EXERCISE GOAL:
Transcribe, exactly and in full, every record shown below, while omitting its images.

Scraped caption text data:
● ● ● ●

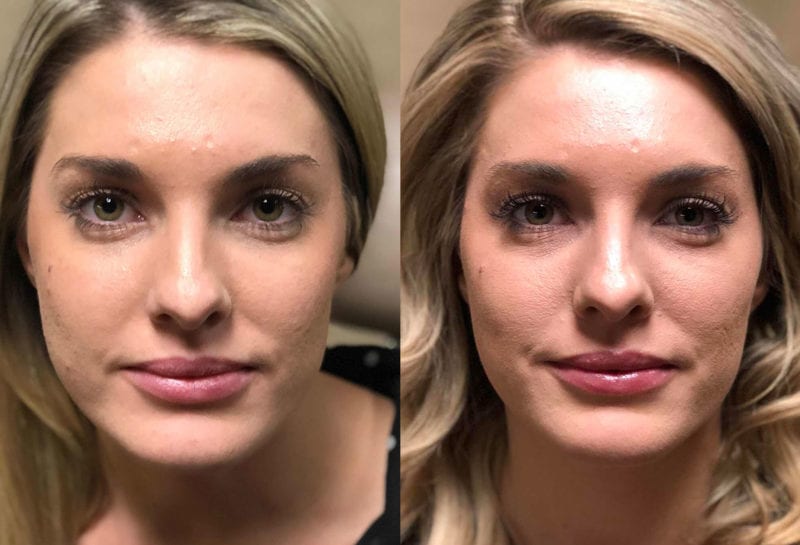 Cheek Filler Results at Maningas Cosmetic Surgery in Joplin, MO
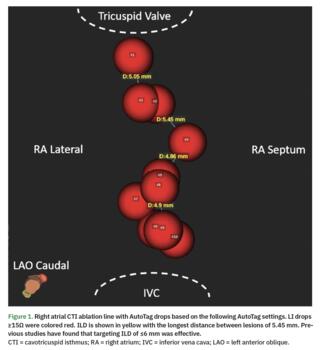 Right atrial CTI ablation line with AutoTag drops based on various AutoTag settings.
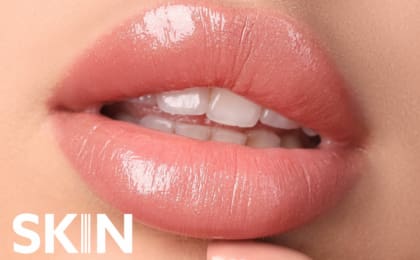 Skin@VogueDental - Lip Filler Treatment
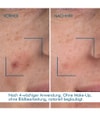 Produktbild 6 von 6, BIOTHERM Blue Therapy Gesichtsserum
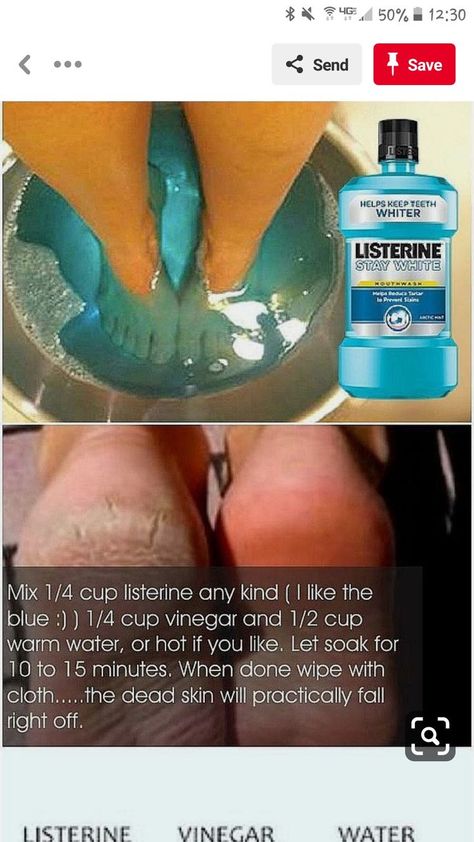 Homemade Foot Cream, Dry Feet Remedies, Skin Care Diy, Foot Soak Recipe, Diy Pedicure, Natural Skin Care Ingredients, Natural Skin Care Remedies, Nail Care Routine, Skin Remedies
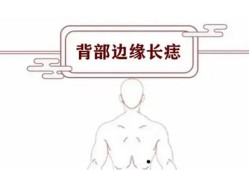 后背有福痣解析男人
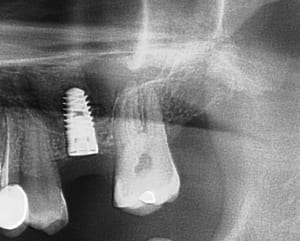 Post op yvasmq - Eugenol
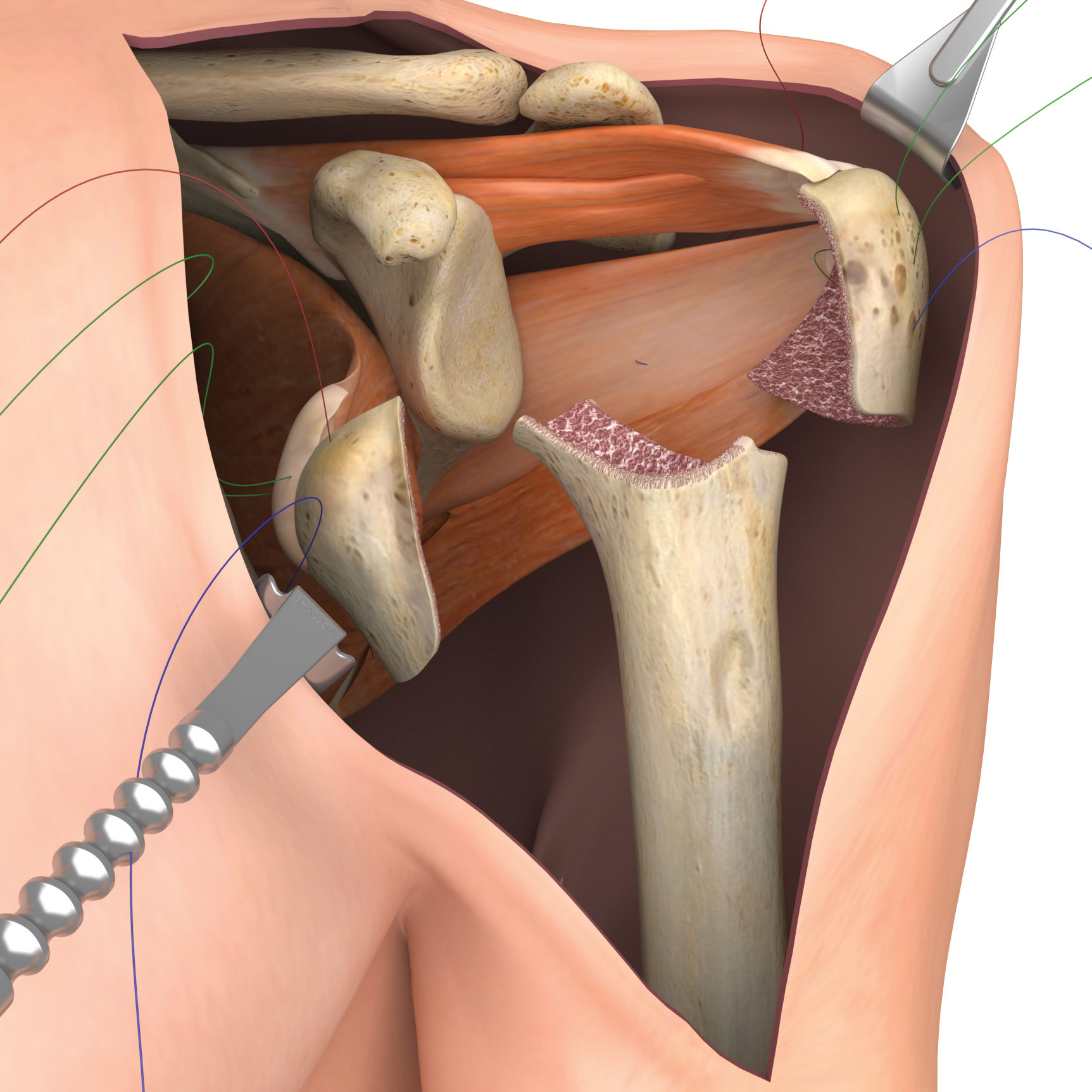 Shoulder Implant Surgery - bone fragment extrusion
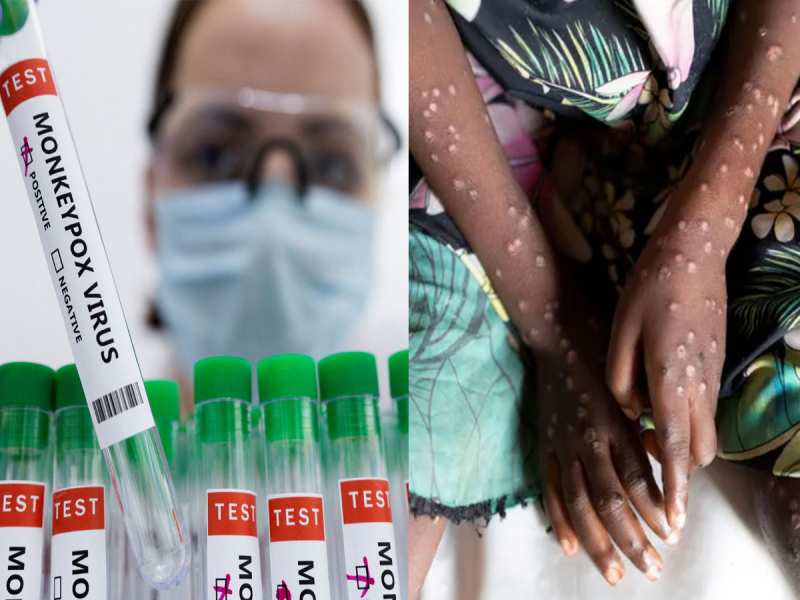 केरल में Mpox ने फिर दी दस्तक, UAE से लौटे 2 लोगों में मिला संक्रमण, राज्य मे अलर्ट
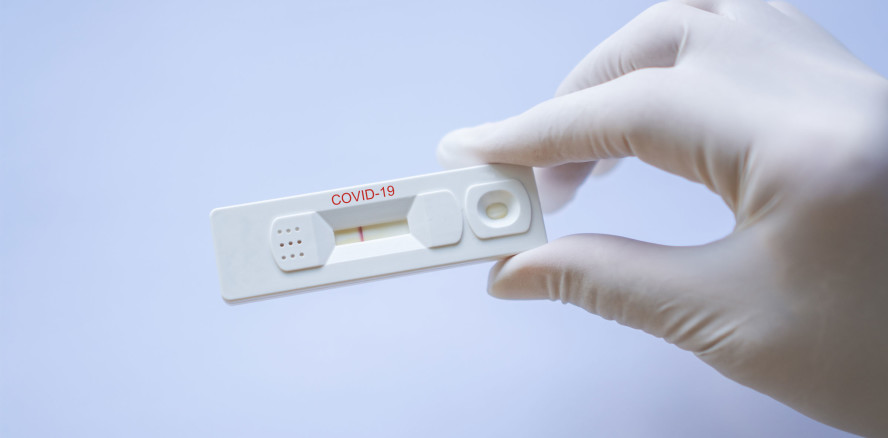 TestV: Zahnärzte dürfen testen – aber wen, wie oft und womit?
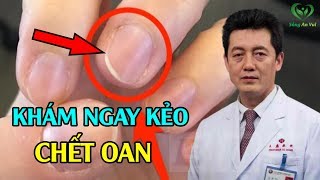 Nhìn Móng Tay Đoán Ngay Bệnh Tật, Xem Ngay Để Biết Kẻo Suy Gan Thận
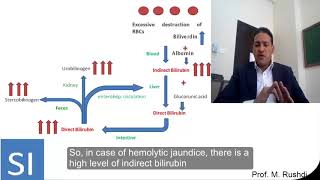 Laboratory diagnosis of jaundice [upl. by Ateinotna]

● ● ● ●

ANSWER TO THE EXERCISE:
 Cheek Filler Results at Maningas Cosmetic Surgery in Joplin, MO
 Right atrial CTI ablation line with AutoTag drops based on various AutoTag settings.
 Skin@VogueDental - Lip Filler Treatment
 Produktbild 6 von 6, BIOTHERM Blue Therapy Gesichtsserum
 Homemade Foot Cream, Dry Feet Remedies, Skin Care Diy, Foot Soak Recipe, Diy Pedicure, Natural Skin Care Ingredients, Natural Skin Care Remedies, Nail Care Routine, Skin Remedies
 后背有福痣解析男人
 Post op yvasmq - Eugenol
 Shoulder Implant Surgery - bone fragment extrusion
 केरल में Mpox ने फिर दी दस्तक, UAE से लौटे 2 लोगों में मिला संक्रमण, राज्य मे अलर्ट
 TestV: Zahnärzte dürfen testen – aber wen, wie oft und womit?
 Nhìn Móng Tay Đoán Ngay Bệnh Tật, Xem Ngay Để Biết Kẻo Suy Gan Thận
 Laboratory diagnosis of jaundice [upl. by Ateinotna]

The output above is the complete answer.